■ **WHAT THE EXERCISE ASKS**:
Write out again the lines from the line with "2307 Kirby Street, Unit" up to and including the line with "Happy smiling woman", exactly as they stand below, and skip any picture.

■ **ENTRIES PROVIDED**:
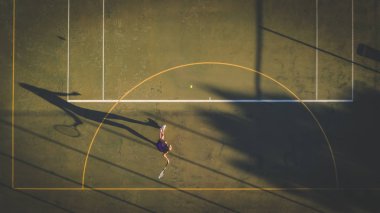 Yükü bir dron ile gelen genç bir kadın tenis kortunda tenis oynamaya havadan görüntü vurdu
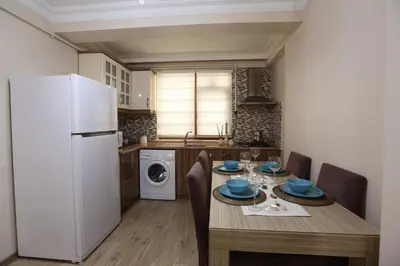 a kitchen with a table and a white refrigerator at Overland Residence in Istanbul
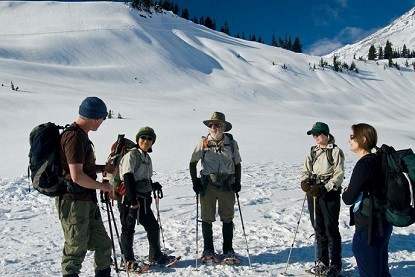 Volunteer snowshoe rovers are helping snowshoeing visitors on a sunny winter day.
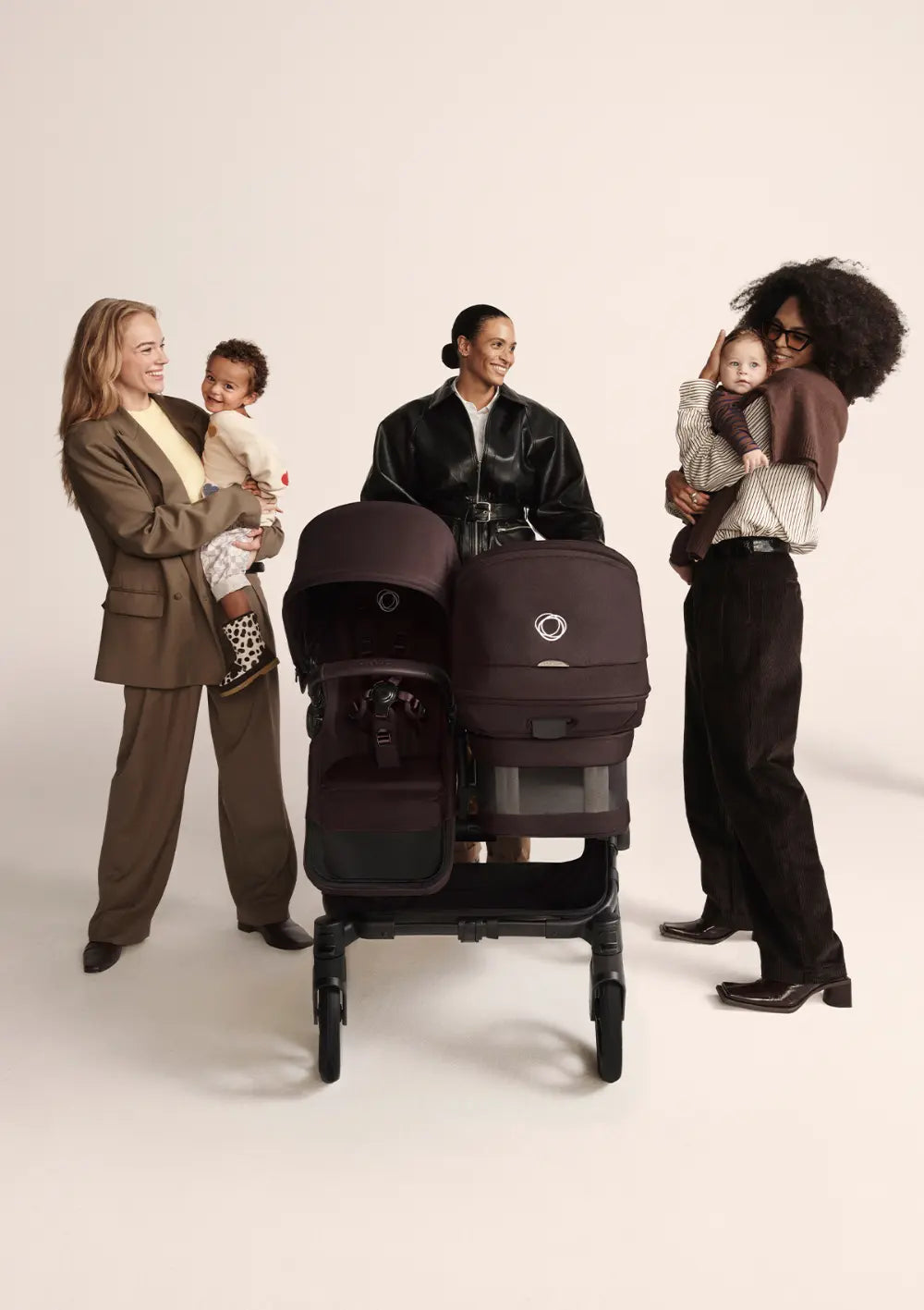 Frau schiebt Bugaboo Geschwisterwagen 'Donkey 6 Duo' Cocoa Brown in Begleitung anderer Frauen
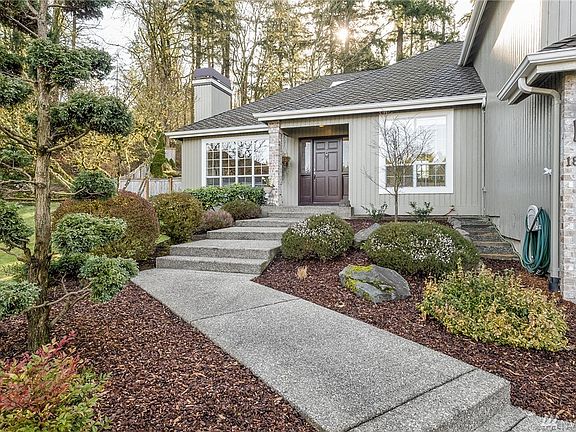 Come up the walkway, let's check out this cute home!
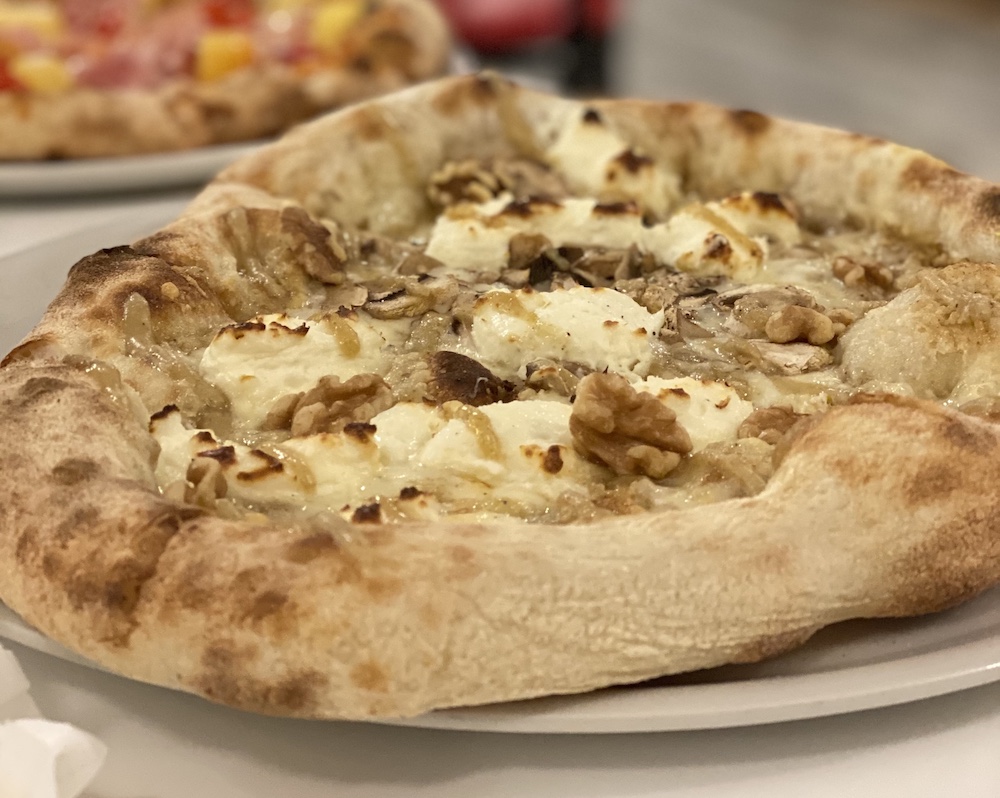 This photo shows a pizza featuring roasted walnuts, walnut puree, sliced mushrooms, fontina cheese, and cream cheese.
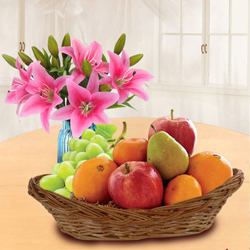 Tasty Fresh Fruits Basket with Pink Lilies to Mavelikara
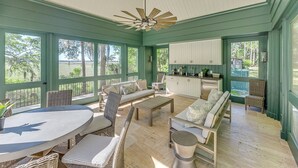 A spacious sunroom with a large dining table, comfortable seating, and a kitchen area.
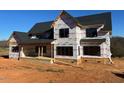 Exterior view of a new two-story home under construction at 171 Dairymont Dr, Pittsboro, NC 27312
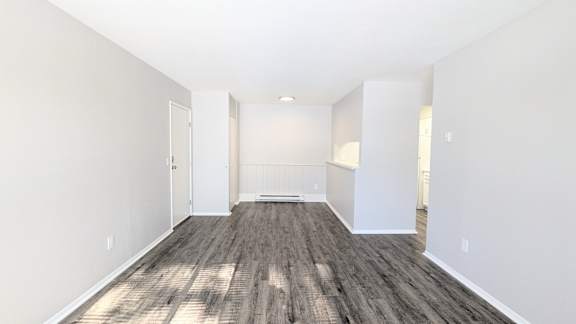 A spacious room with wooden flooring and white walls.
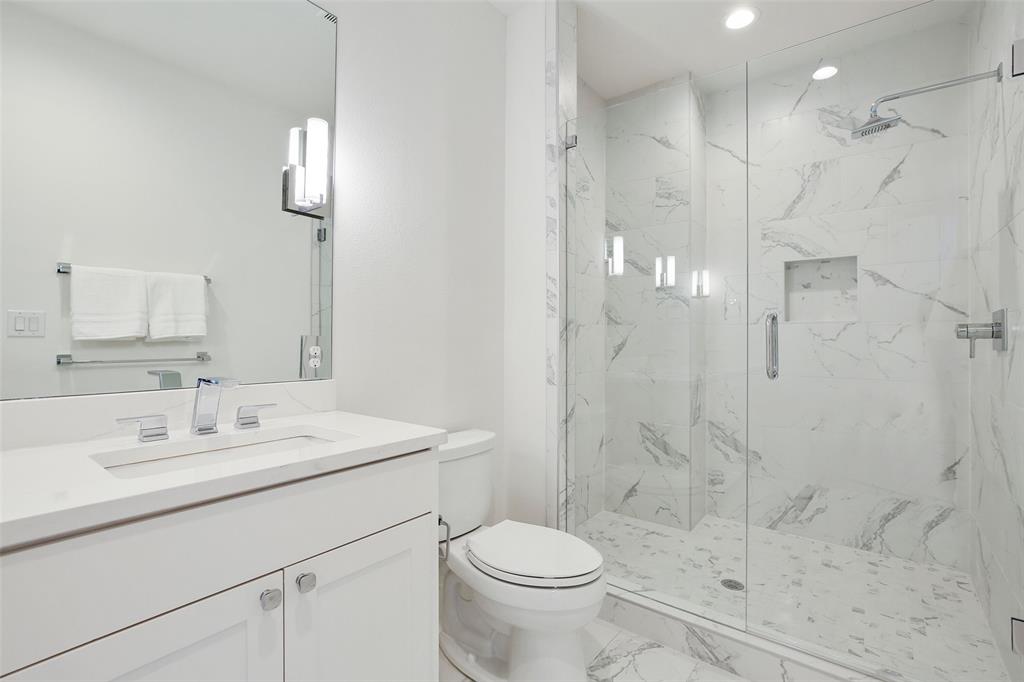 2307 Kirby Street, Unit B Dallas, TX 75204 - Photo 20 of 28 a bathroom with a sink toilet a mirror and shower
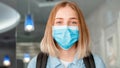 Happy smiling woman Schoolgirl in blue protective mask with backpack. Young woman student in medical mask. Portrait of blonde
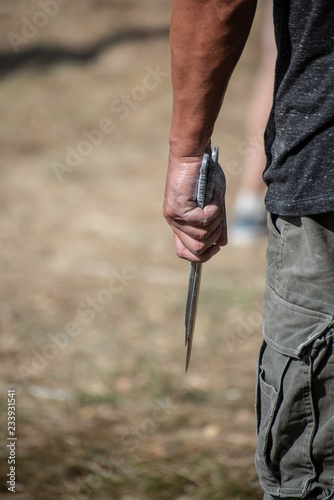 A man is ready for throwing a knife on competition.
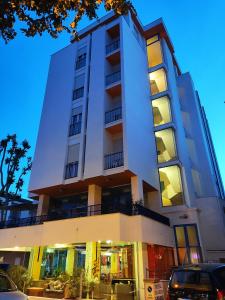 a tall white building with a car parked in front of it at Hotel Senior in Cattolica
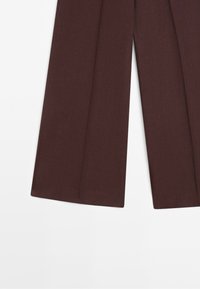 Pantaloni marroni a gamba larga con pieghe, mostrati dalla metà coscia fino all'orlo su sfondo bianco.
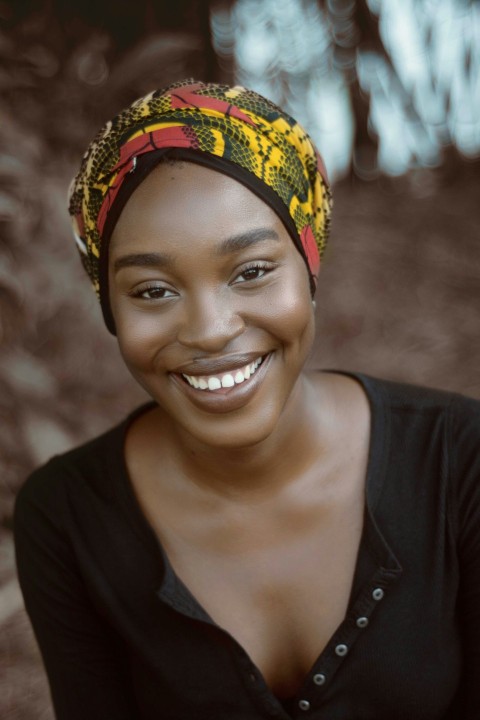 smiling woman wearing turban i2hoD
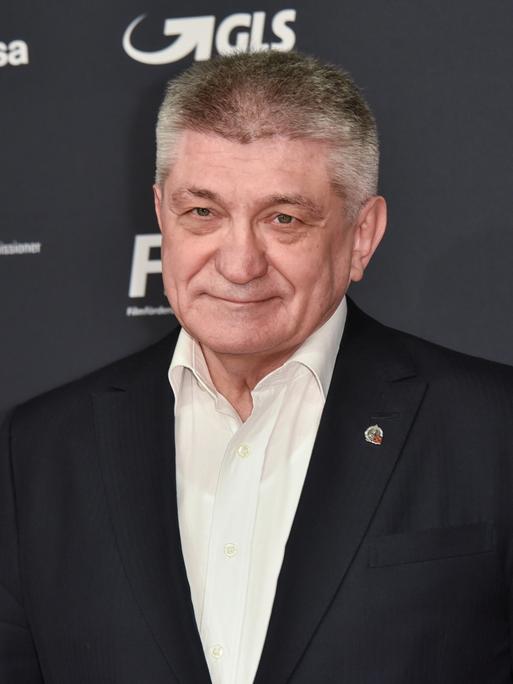 Der Filmemacher Alexander Sokurow steht vor einer Werbewand und guckt in die Kamera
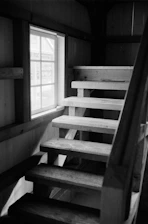 Wooden stairs leading up next to a window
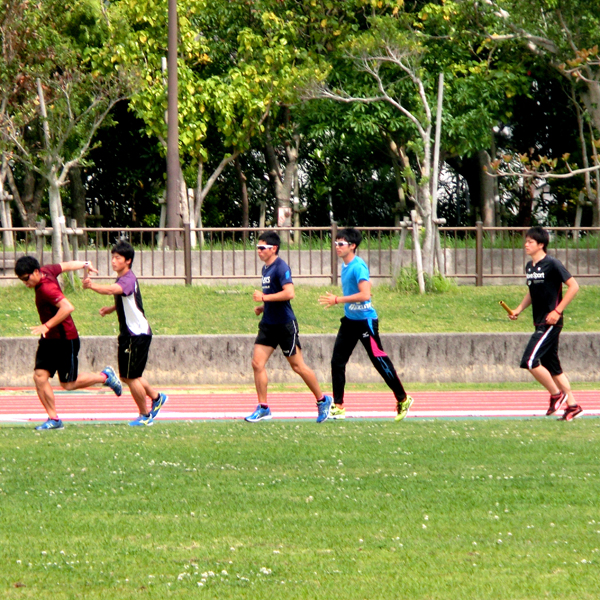 Baton passing practice is essential to Kuki, who also runs in relays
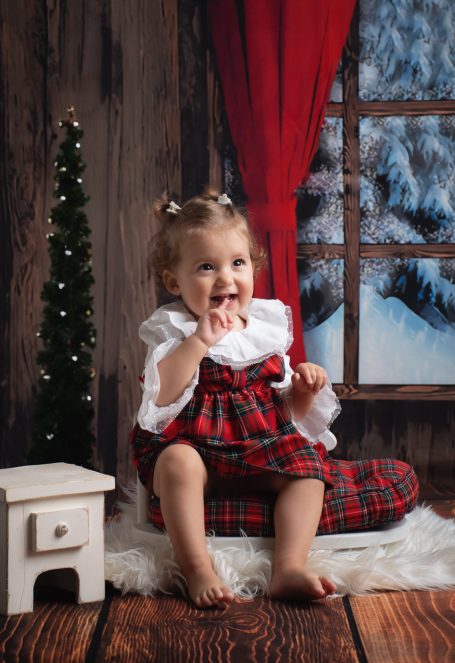 Mädchen in kariertem Kleid sitzt barfuß vor einem Fenster mit Schnee und einem kleinen Baum.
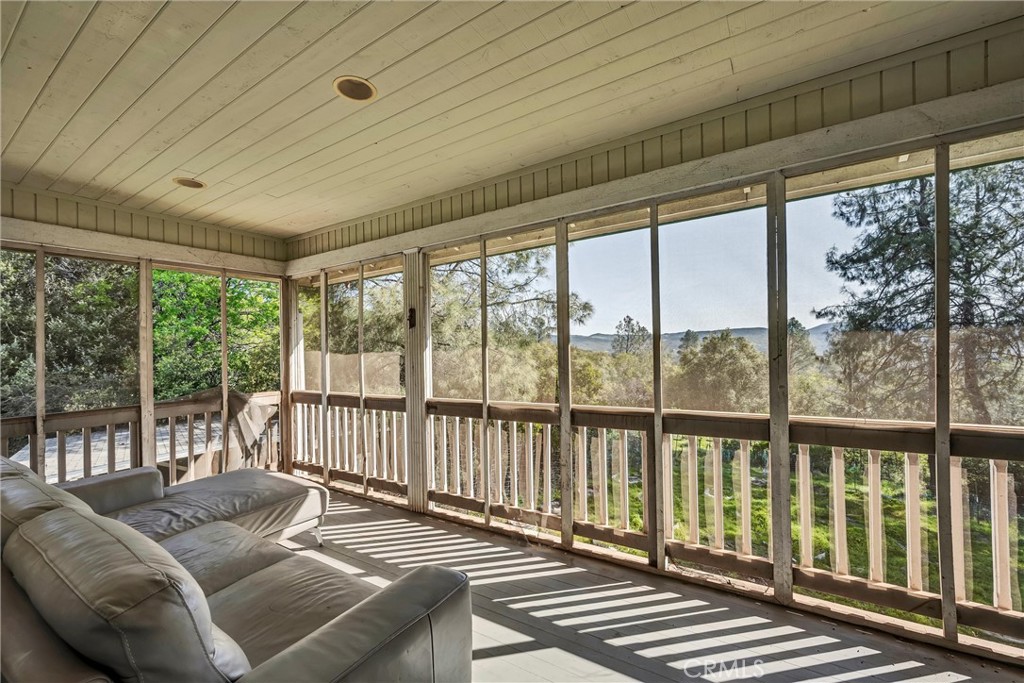 13988 Noble Ranch Road Lower Lake, CA 95457 - Photo 15 of 36 a living room with furniture and a floor to ceiling window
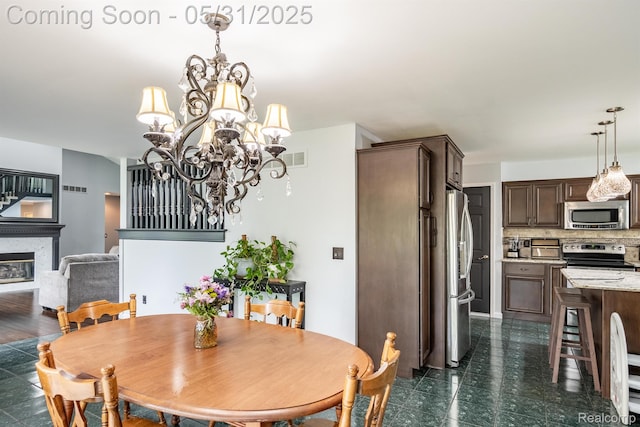 42739 Pond View Dr, Sterling Heights, MI 48314 - dining room with a chandelier and a glass covered fireplace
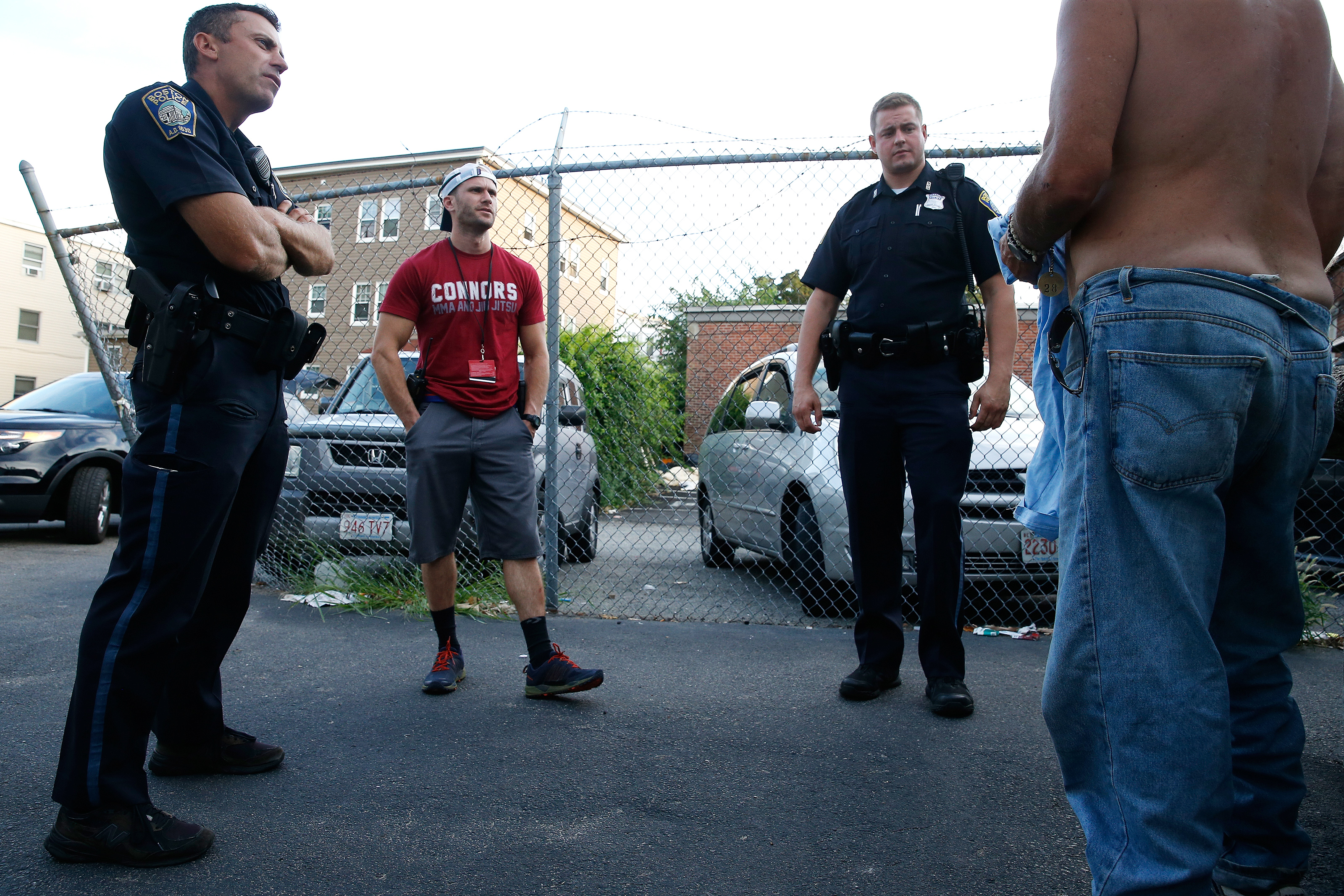 Driscoll, crisis clinician Ben Linsky, and Officer Michael Sullivan chatted with a man who they regularly check in on in Mattapan.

■ **YOUR RESPONSE**:
 2307 Kirby Street, Unit B Dallas, TX 75204 - Photo 20 of 28 a bathroom with a sink toilet a mirror and shower
 Happy smiling woman Schoolgirl in blue protective mask with backpack. Young woman student in medical mask. Portrait of blonde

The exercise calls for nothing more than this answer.